# Records provided
===============

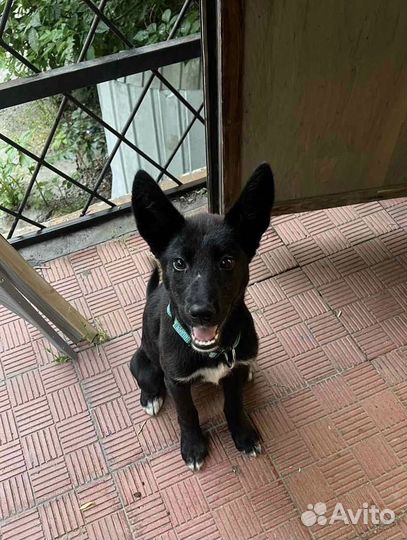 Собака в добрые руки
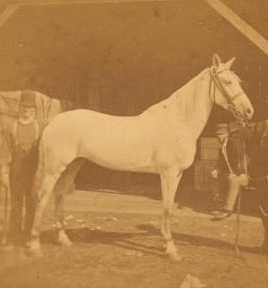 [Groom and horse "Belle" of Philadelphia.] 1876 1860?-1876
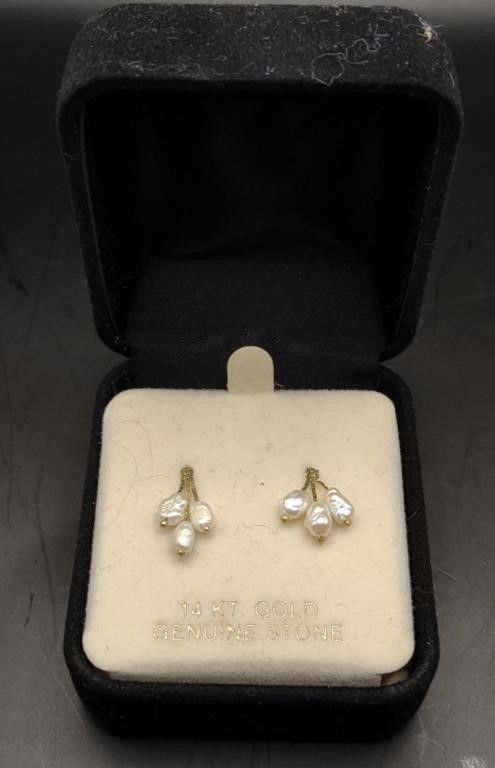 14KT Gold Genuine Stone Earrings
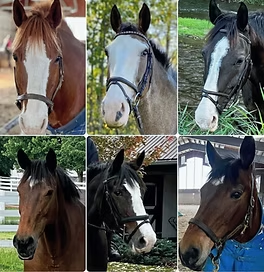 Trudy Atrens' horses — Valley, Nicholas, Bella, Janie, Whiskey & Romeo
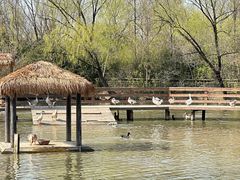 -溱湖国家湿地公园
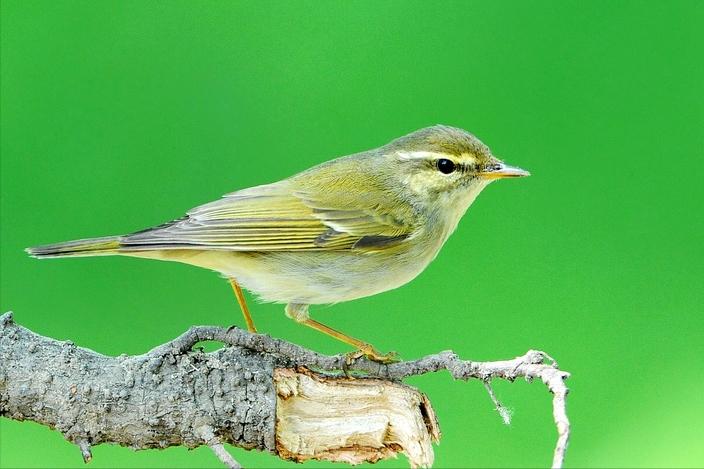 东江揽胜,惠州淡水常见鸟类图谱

===============

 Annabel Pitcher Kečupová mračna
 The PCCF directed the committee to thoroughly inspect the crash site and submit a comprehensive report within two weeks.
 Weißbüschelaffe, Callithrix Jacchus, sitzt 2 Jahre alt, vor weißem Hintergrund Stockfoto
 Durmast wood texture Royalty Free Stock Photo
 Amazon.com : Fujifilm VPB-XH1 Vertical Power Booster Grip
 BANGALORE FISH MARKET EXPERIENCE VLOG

===============

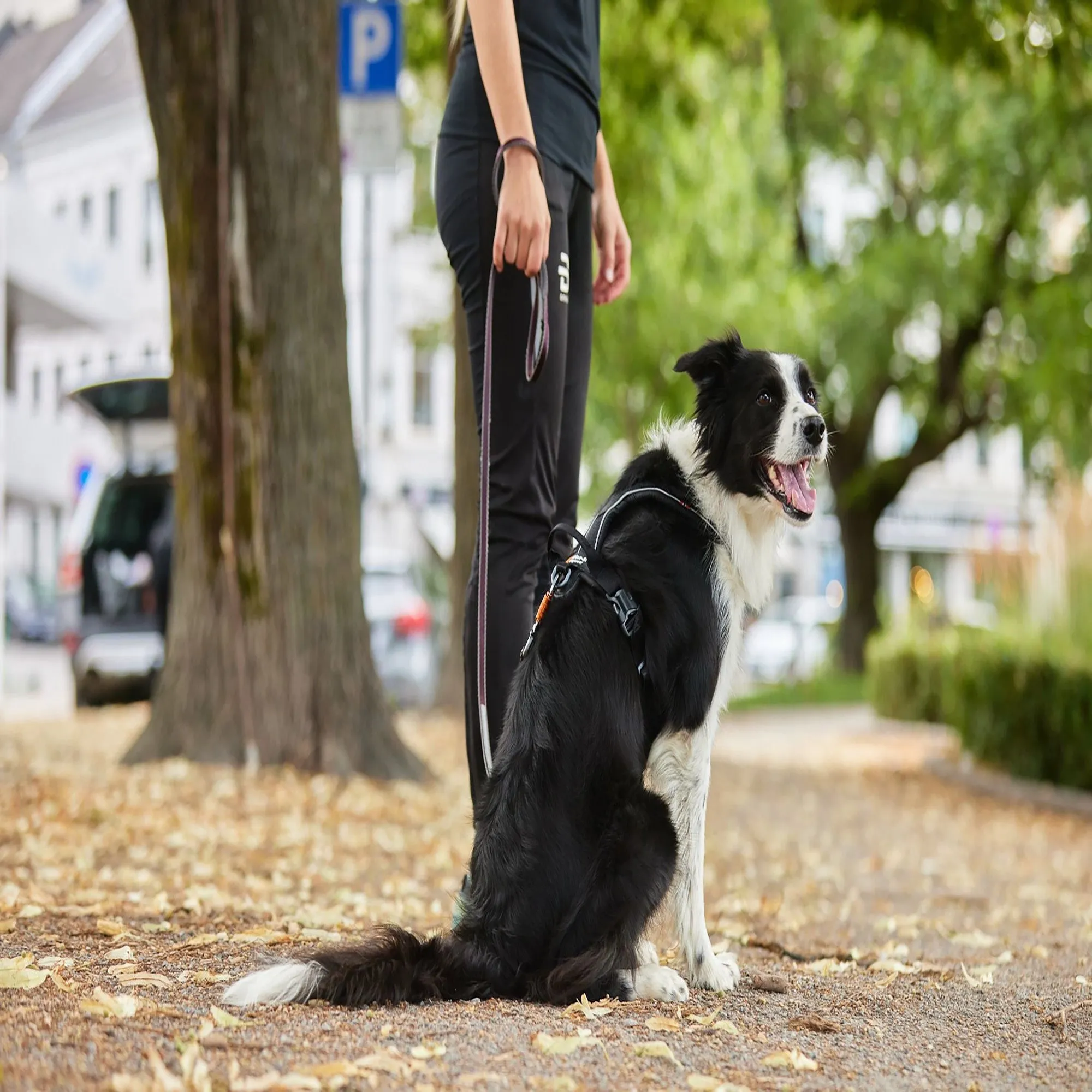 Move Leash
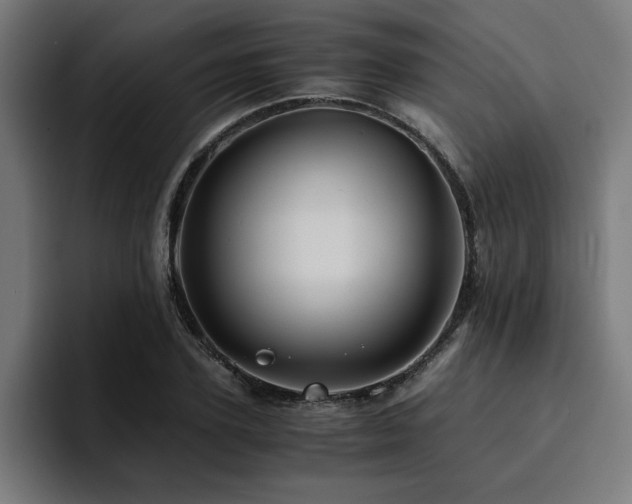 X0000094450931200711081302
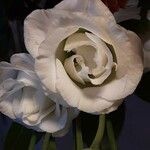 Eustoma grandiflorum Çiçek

===============

# Exercise
Your answer must be the exact lines from the records above, from the one containing "Собака в добрые руки" through the one containing "东江揽胜,惠州淡水常见鸟类图谱", both included, with every picture left out.

# Exercise solution
 Собака в добрые руки
 [Groom and horse "Belle" of Philadelphia.] 1876 1860?-1876
 14KT Gold Genuine Stone Earrings
 Trudy Atrens' horses — Valley, Nicholas, Bella, Janie, Whiskey & Romeo
 -溱湖国家湿地公园
 东江揽胜,惠州淡水常见鸟类图谱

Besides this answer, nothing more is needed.